Njini Ntuta (10 September 1924 – 25 November 1984) was a Zimbabwe African People's Union (ZAPU) politician. He was deputy minister of mines in the first post-independence government but was sacked by President Robert Mugabe in a 1982 purge of ZAPU politicians. Ntuta was assassinated by members of the security forces acting on the orders of Colonel Flint Magama in 1984. At the time Mugabe's government blamed the murder on anti-government dissidents.

== Biography ==
Ntuta was born on 10 September 1924 to Gwaula Ntuta and Minah Ntuta (née Ndebele) in the Tsholotsho Communal lands, Southern Rhodesia. He was brought up in the Anglican faith. Ntuta was a member of the Zimbabwe African People's Union (ZAPU) and was appointed deputy minister of mines in Robert Mugabe's Zimbabwe African National Union-led government, the first black-majority government following the end of the Rhodesian Bush War and the Lancaster House Agreement.

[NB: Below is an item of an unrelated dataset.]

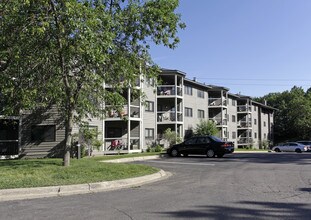 Thomas Lake Pointe in Eagan, MN - Foto de edificio - Building Photo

Ntuta was sacked by Mugabe on 17 April 1982 in a purge of ZAPU politicians from his government. He became a senior opposition figure in the National Assembly of Zimbabwe. Ntuta was murdered by automatic gunfire in fields near his home at Nyamandhlovu in Matabeleland on 25 November 1984. He was chased by three gunmen for 2.5 mi before he was killed. At the time of his killing the diplomatic corps in Harare and ZAPU officials questioned the official Zimbabwean government account that placed responsibility for the killings with anti-government dissidents. Ntuta had himself questioned similar claims for the deaths of other civilians in the preceding months, alleging that the Zimbabwe National Army (ZNA) had perpetrated the killings. It later emerged that he was killed by security operatives masquerading as dissidents. The ZNA's Colonel Flint Magama had been in charge of the killing.

Ntuta is recognised as a national hero of Zimbabwe. He is buried in Pelandaba Cemetery in Bulawayo. In 2013 his grave was reported to have been vandalised, with his headstone being removed.